Nos yeux vers toi, chaque jour,

Contemplent les Temples

Enlacent les vieilles Églises

Et effacent la tristesse des Mosquées

Ô nuit d'al Isra, chemin de ceux qui sont aux cieux

Chaque jour, nos yeux vers toi, je prie.

Le rapport à l'histoire de ces religions est très important puisque Jérusalem est la ville trois fois sainte : elle abrite les restes des Temples de Salomon et d'Hérode, l'Église du Saint Sépulcre et enfin l'esplanade des Mosquées (le Dôme du Rocher et la mosquée al-Aqsa) où Mahomet s'est élevé au ciel lors de sa promenade nocturne.

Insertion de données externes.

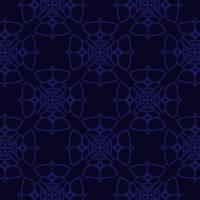 Vector seamless geometric pattern texture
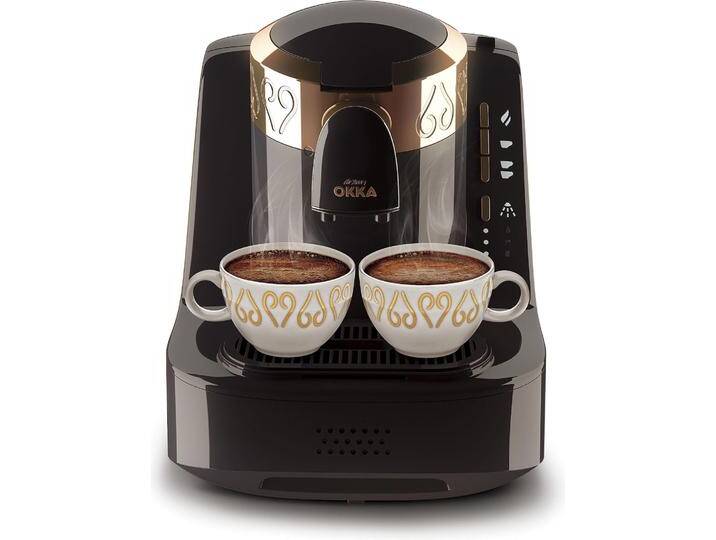Arzum Okka, Kaffeebereiter, Schwarz von Galaxus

La deuxième partie est consacré à la transformation de cette ville sainte en sanctuaires des martyrs, les martyrs de tout bord mais surtout les chrétiens et les musulmans : la référence à l'enfant et à sa mère Marie qui pleurent pour les victimes de la destruction de cette ville de paix qui a été transformée en ville de guerre et ou, selon l'auteur, la justice n'est plus. Dans cette ville prétendument détruite l'amour a reculé, et la guerre a colonisé le cœur même de cette ville alors dans la grotte l'enfant et sa mère Marie pleurent et je prie.

Fayrouz prie pour ce peuple qui a souffert, elle appelle les autres à prier pour la paix... Cette image de l'enfant et sa mère Marie pleurant dans la grotte est un symbole très fort du choc ressenti par les populations arabes de Jérusalem.

Ghannaytou Makkatah (Je chante pour la Mecque), paroles de Said Akl, 1963

Dans son rôle universaliste, Fayrouz n'a pas hésité à interpréter cette chanson écrite par Said Akl, qui rend hommage à la Mecque et à la fête de la A‘id[3] , la plus grande fête musulmane. C'est tout à son honneur car ce chant est une vraie célébration.

Je chante pour la Mecque et son peuple fier et la fête de l'A‘id a rempli mon cœur de joie

Remplis de bonheur, leurs maisons brillent tout comme l'éclat de la maison de Dieu (Kaaba).

Ce chant rend hommage aux musulmans qui prient lors de la fête quel que soit le lieu où ils se trouvent :

Au nom de Dieu, leurs édifices se sont étendus comme les étoiles

Ô lecteur du Coran, prie pour eux et apporte la belle essence au désert

Agenouillés et les mains élevées, leurs prières seront répondues

Partout où quelqu'un prie, le ciel reçoit et Dieu bénit.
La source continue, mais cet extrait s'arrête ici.